My “joy” lasted about an hour at Sam’s Club, and I spent another hour
sitting in the parking lot waiting for her.
Who knew that talking about fiber could last that long?
The upshot of this is that she decided we should harvest our
alpaca fleeces. They had to be sheared
for the summer anyway, to ensure their survival in the Oklahoma heat. Why not save and process the fleece into
alpaca yarn? So we began.
After assisting in the shearing process I decided that I
really needed to know more about this fiber stuff. After all, we now had several bags of “raw”

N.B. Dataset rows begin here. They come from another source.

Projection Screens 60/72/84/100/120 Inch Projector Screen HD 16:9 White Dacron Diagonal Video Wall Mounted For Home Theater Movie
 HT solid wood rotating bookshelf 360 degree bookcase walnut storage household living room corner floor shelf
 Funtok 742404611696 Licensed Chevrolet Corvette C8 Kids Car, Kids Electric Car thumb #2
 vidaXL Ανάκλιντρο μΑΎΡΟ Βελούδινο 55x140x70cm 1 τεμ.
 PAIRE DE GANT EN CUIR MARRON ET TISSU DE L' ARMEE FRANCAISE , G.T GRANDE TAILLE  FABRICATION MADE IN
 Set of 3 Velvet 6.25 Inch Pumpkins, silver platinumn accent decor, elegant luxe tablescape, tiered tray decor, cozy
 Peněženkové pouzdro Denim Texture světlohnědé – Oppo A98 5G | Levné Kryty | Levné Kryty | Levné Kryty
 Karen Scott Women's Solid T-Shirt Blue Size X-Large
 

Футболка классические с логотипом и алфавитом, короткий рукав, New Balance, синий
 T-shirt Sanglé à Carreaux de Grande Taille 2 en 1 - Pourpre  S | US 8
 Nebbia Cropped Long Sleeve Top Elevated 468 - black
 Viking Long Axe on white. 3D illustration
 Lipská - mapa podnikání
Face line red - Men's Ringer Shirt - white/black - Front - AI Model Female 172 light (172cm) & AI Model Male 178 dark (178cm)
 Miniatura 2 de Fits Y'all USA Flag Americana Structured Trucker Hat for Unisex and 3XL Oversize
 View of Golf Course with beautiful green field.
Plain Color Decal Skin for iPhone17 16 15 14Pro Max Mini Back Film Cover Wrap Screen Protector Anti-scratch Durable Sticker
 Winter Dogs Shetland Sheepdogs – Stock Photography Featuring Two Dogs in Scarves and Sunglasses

fleece and it didn’t appear that it was going to process itself any time
soon.
So I started reading and researching this whole fiber thing,
and even attended a meeting of the Guild.
I found myself being drawn in by the variety and mystery of fiber.
I remembered from reading history that the early colonists
made a lot of their clothing from “linsey woolsey”. I knew that wool and flax were involved, but
I didn’t really know how. I decided to
begin there.
First, I learned it combines two kinds of fibers—plant and
animal. The linen fibers are made from
flax, and in this combination they are the “warp”. They form the vertical fibers, while the wool—animal
fibers—are the “weft”, or horizontal fibers, on the loom. Force enough of these fibers together under
the tension created by a loom, and voila, you have fabric. Now it can be cut into shapes and sewn
together to make clothes. It is durable, warm, and inexpensive, even if coarse,
and not very chic.
It was starting to click for me. Now, everywhere I went I was discovering that
our world is awash in fabric. All of my
clothes of course. But also the carpet,
the seats in my car, the tarps in the barn, the sheets on the bed, the towels
in the bath, the curtains on the window.
Dang! Fabric is everywhere, and
for 64 years I hadn’t bothered to notice.
My first thought when the reality of fabric hit me was, “How
did people figure this out?” Is there
something in nature that would give them a clue, or was it just luck? Maybe somebody was fiddling around out of
boredom and suddenly happened on to the idea of weaving. Maybe aliens from another world taught us the
task. Maybe God taught Adam and Eve
after He kicked them out of the Garden. I
don’t know.
But I do know that the art goes a long way back. Not just weaving, but the art of dying the
yarns into a variety of colors prior to the weaving appears to be very old as
well. Recently, bits of fabric were
found in Israel which date back to around 1000 B.C. They had been dyed blue and red and had been
woven in an alternating color band pattern.
What caught my eye in the picture of this find is the people
at the dig site. They are wearing cotton
T-shirts, and cargo pants. Different
yarns, but still fabric. Machines do it
now, of course, but the fundamental approach has not changed in over 3000 years—find
some fibers, spin them into yarn, weave them together to form a fabric, then
cut to shape and sew.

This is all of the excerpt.